== Segment start ==
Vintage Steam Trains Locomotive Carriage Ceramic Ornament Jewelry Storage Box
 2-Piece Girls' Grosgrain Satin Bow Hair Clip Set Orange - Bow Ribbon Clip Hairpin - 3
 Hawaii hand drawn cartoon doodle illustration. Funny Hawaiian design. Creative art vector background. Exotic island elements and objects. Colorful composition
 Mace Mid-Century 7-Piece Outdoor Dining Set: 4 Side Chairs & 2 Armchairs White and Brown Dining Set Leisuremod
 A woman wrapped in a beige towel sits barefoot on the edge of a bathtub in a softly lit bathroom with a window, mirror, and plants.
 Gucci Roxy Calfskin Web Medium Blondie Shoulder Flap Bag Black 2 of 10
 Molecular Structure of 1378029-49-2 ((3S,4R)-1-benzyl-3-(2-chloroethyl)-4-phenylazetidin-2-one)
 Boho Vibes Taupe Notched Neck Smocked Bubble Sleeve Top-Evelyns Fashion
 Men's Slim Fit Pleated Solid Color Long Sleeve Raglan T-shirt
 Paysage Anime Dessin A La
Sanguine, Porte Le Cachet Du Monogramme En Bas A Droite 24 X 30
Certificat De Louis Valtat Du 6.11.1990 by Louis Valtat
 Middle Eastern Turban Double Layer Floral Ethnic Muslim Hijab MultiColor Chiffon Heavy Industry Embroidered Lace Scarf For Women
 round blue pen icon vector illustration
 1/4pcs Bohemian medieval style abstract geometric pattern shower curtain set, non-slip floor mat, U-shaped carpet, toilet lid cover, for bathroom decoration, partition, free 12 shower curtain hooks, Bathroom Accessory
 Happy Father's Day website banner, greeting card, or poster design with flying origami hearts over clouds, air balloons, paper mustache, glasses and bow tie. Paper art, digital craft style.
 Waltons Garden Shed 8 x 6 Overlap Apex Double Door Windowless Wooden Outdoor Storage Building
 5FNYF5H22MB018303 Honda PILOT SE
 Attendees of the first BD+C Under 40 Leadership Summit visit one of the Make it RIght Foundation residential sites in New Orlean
== Segment end ==
• TASK GOAL
Reproduce the lines above, beginning at the line with "2-Piece Girls' Grosgrain" and stopping after the line with "Sanguine, Porte Le", exactly as they are.

• ANSWER TO THIS TASK
 2-Piece Girls' Grosgrain Satin Bow Hair Clip Set Orange - Bow Ribbon Clip Hairpin - 3
 Hawaii hand drawn cartoon doodle illustration. Funny Hawaiian design. Creative art vector background. Exotic island elements and objects. Colorful composition
 Mace Mid-Century 7-Piece Outdoor Dining Set: 4 Side Chairs & 2 Armchairs White and Brown Dining Set Leisuremod
 A woman wrapped in a beige towel sits barefoot on the edge of a bathtub in a softly lit bathroom with a window, mirror, and plants.
 Gucci Roxy Calfskin Web Medium Blondie Shoulder Flap Bag Black 2 of 10
 Molecular Structure of 1378029-49-2 ((3S,4R)-1-benzyl-3-(2-chloroethyl)-4-phenylazetidin-2-one)
 Boho Vibes Taupe Notched Neck Smocked Bubble Sleeve Top-Evelyns Fashion
 Men's Slim Fit Pleated Solid Color Long Sleeve Raglan T-shirt
 Paysage Anime Dessin A La
Sanguine, Porte Le Cachet Du Monogramme En Bas A Droite 24 X 30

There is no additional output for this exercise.